Below, find the line containing "Giữa Đại Lộ"; from there to the final line, print every line exactly and skip the pictures.

(Material provided begins)

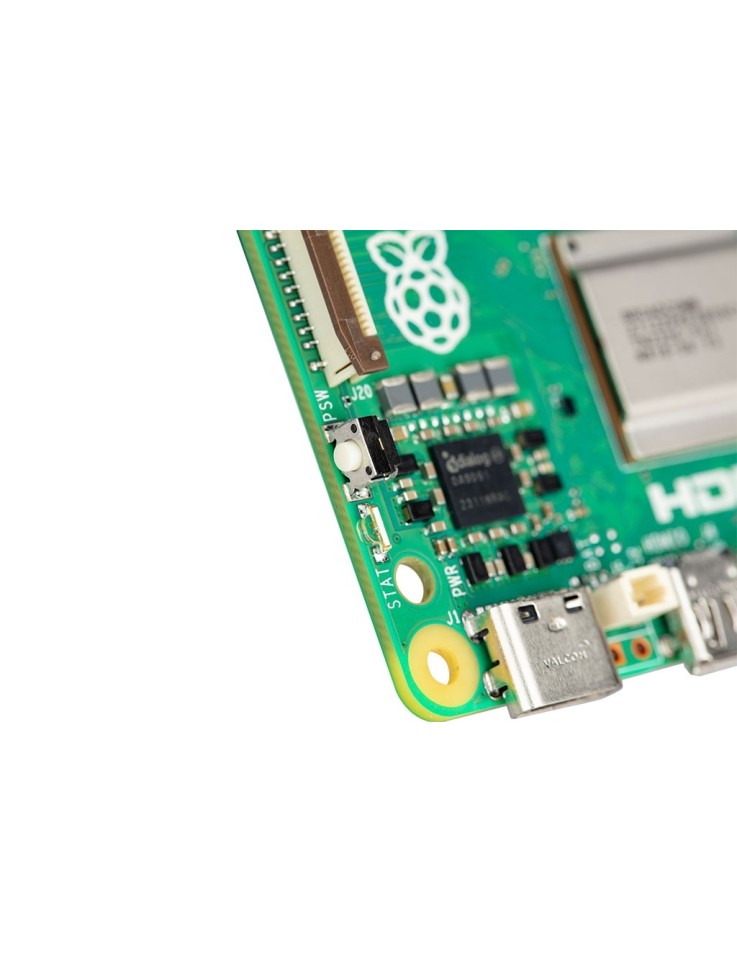 Raspberry Pi 5 2Gb Ram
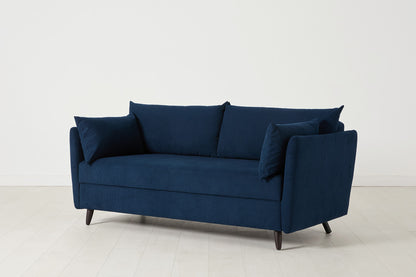 Model 08 Sofa Bed 2.5 Seater, Atlantic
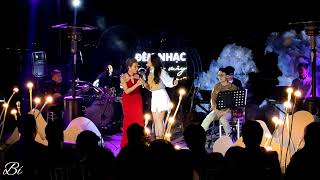 Giữa Đại Lộ Đông Tây - Uyên Linh @Mây In The Nest 04/02/2022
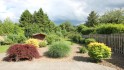 Gartenbereich mit Blick auf den Wildenloh 1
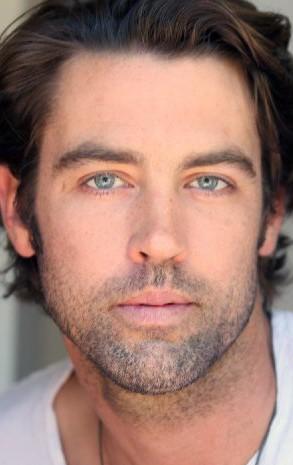 Фото актера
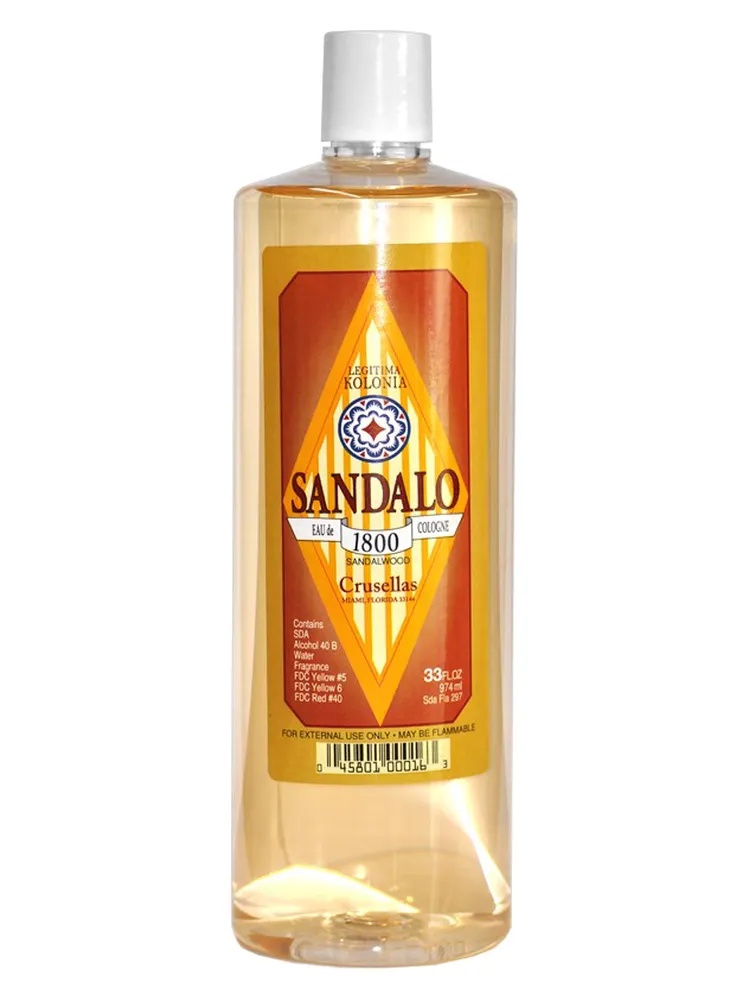 Kolonia 1800 Sandalo thumbnail 4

(Material provided ends)

* Solution:
 Giữa Đại Lộ Đông Tây - Uyên Linh @Mây In The Nest 04/02/2022
 Gartenbereich mit Blick auf den Wildenloh 1
 Фото актера
 Kolonia 1800 Sandalo thumbnail 4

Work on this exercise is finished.